UA researchers have recently documented the unique temperature-propagation properties of graphene, a carbon-based substance possessing profound potential in the fields of electronics and biological engineering. Heat diffusion through a material had long been considered an unalterable process — that is, until the isolation and study of graphene.
People are not strangers to the type of carbon found in graphene; in fact, it is commonly found in pencil lead. Graphene itself is a hexagonal lattice of carbon atoms, with each point in the structure containing a single carbon atom. The whole framework is only one atom thick.
“Graphene is a two-dimensional material composed of a single sheet of carbon atoms,” said Justin Bergfield, a postdoctoral fellow at Northwestern University. “What is truly remarkable is that, unlike an electron in free space, the electrons confined to a piece of graphene have a relationship between their velocity and energy which is like that of light.”
In other words, the electrons, negatively charged particles that make up atoms, move at a speed of 1 million meters per second between carbon atoms in graphene, Bergfield explained.
In traditional electrical conductors like copper, electrons travel only a few nanometers before scattering from a defect or excitation, which sends them off in a random direction.

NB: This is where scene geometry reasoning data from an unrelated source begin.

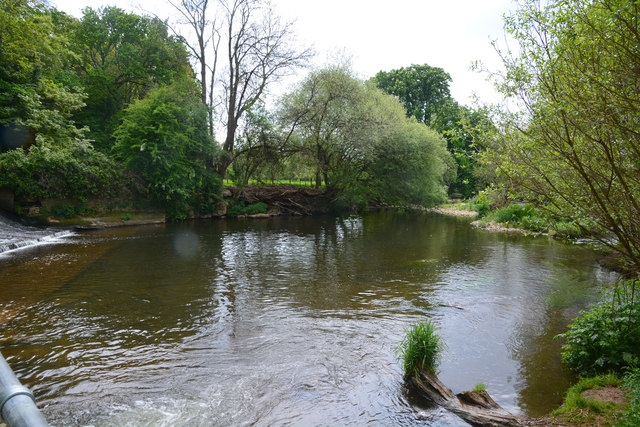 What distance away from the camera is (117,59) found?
90.7 feet

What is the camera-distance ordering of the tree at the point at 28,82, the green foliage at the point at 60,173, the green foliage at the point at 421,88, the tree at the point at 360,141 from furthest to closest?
the green foliage at the point at 421,88
the tree at the point at 360,141
the green foliage at the point at 60,173
the tree at the point at 28,82

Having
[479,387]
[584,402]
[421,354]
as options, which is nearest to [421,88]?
[421,354]

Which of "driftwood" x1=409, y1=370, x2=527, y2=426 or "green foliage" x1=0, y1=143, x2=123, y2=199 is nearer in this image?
"driftwood" x1=409, y1=370, x2=527, y2=426

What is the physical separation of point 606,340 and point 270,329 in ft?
17.6

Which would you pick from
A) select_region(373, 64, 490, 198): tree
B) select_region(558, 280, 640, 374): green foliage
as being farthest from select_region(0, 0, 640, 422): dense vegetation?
select_region(373, 64, 490, 198): tree

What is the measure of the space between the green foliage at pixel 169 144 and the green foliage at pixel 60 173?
67.0 inches

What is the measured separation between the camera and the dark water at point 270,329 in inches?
191

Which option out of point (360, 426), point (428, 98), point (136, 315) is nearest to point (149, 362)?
point (136, 315)

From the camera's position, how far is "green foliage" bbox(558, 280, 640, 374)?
5090 millimetres

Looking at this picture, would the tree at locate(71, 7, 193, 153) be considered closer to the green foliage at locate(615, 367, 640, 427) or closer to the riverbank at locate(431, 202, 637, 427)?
the riverbank at locate(431, 202, 637, 427)

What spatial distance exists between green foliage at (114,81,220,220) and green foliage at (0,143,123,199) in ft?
5.58

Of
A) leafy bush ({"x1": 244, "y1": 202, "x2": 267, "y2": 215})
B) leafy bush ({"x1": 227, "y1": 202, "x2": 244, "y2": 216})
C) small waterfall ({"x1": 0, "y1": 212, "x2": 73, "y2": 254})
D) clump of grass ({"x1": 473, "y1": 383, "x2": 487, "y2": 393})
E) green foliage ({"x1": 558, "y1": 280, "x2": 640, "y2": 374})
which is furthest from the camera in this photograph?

“Heat is conducted ‘ballistically’ by both quantum electron waves and quantum sound waves … in graphene,” explained Charles Stafford, a physics professor at the UA. “These waves can travel rapidly for distances of up to a micrometer or more before scattering. This is very different from the behavior of typical materials, where heat diffuses slowly from one point to another as a result of the random motions of electrons carrying the heat.”
The organized wave-like flow of electrons in graphene allows for the formation of intricate wave formations which lead to hot and cold spots, the temperature of which can be quantified using a scanning tunneling microscope-like thermometer, Bergfield said.
“Hot spots and cold spots up to tens of nanometers across can persist indefinitely within the heat flow of graphene, somewhat like an eddy that can persist in a flowing river,” Stafford said.
Graphene’s remarkable conductivity, flexibility, durability, strength (more than 100 times stronger than steel) and unusual heat properties are unlocking the vault to new potential technologies such as foldable touchscreens for smartphones and tablets, plastics with better conductivity than metals and electronic devices with greater efficiency and twice the power.
Since one of the major obstacles with electronics is overheating, graphene may prove to be a great advantage in circumventing this issue because it is possible to control where heat is localized on a nanoscale level, Stafford said.
“The crests of the electron waves are the hot spots and the dips are the cold spots, the locations of which can be predicted by solving the quantum wave equation for the electrons,” Stafford said. “The wave patterns of hot and cold spots can be controlled by tuning the wavelength of the electron waves using a gate voltage.”
This ability to manipulate the physical world at the nanoscale level foreshadows a potential technological revolution, the efficiency and advancement of which could end up transforming everyday life.